I was working for a large IT services provider, many of whose customers were large corporations, and we supported them remotely. As a result, we often did not know the physical location of customers' machines and often we knew only the people who worked directly with us. Plus, all of the work was supposed to be pre-approved by tickets, but all too often somebody would, without our knowledge, make changes.
Our team supported software that automated and kept customers' crucial operations going. It had components running on several machines at once, and a server component was needed to communicate with so-called "agent" components on other computers. Communication took place over the customer's internal network using the TCP protocol, and the network link between components was crucial for operation.
One customer requested we install a new environment, with a new server and about 20 agents. The new environment was installed over the course of several days, then we went into testing -- a phase that was planned to last about two months and that was a near replica of the production environment already in place so we could correct any problems before production.
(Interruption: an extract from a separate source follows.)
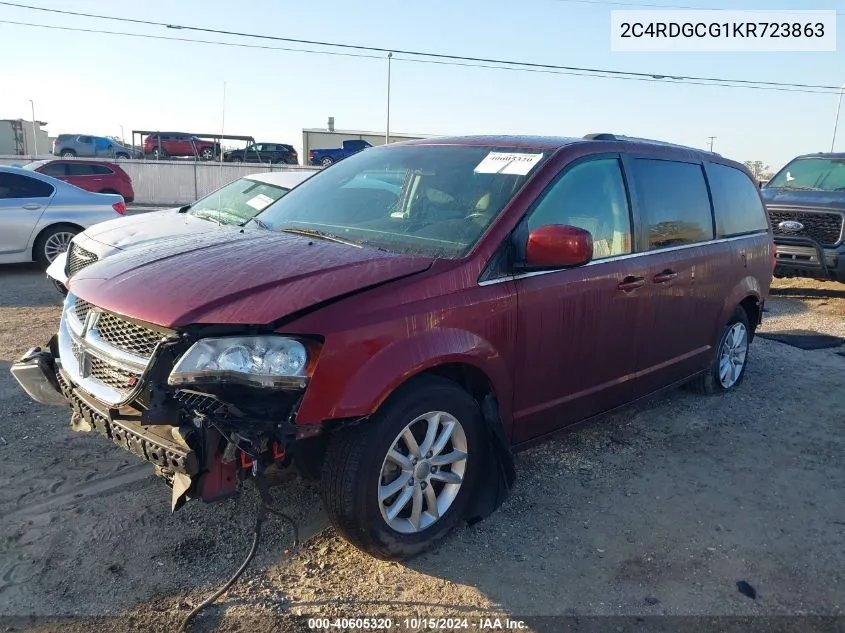 2019 Dodge Grand Caravan Sxt VIN: 2C4RDGCG1KR723863 Lot: 40605320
At first everything went well, until one day three agents stopped responding. Whatever we did, the server component could not communicate with them. We started performing standard network connectivity tests to see if the problem was with the agents themselves, with the machines on which they resided, or with the network link. We couldn't get any answer from the problem machines.
The customer was a huge company, and we soon learned that although the entire testing environment was on the same private network, the physical servers resided in several different states in the U.S. We didn't know which state the problem machines were located in, so we called the customer's Unix team to check the servers; they told us the machines were up and running and there was nothing wrong with them. So it had to be a network problem.